Nothing in the data may be altered as it is transcribed.

__Available data__:
********

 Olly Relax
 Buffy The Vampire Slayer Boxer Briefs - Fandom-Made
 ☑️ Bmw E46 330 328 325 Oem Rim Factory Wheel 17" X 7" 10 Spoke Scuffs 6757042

********

__Output below__:
 Olly Relax
 Buffy The Vampire Slayer Boxer Briefs - Fandom-Made
 ☑️ Bmw E46 330 328 325 Oem Rim Factory Wheel 17" X 7" 10 Spoke Scuffs 6757042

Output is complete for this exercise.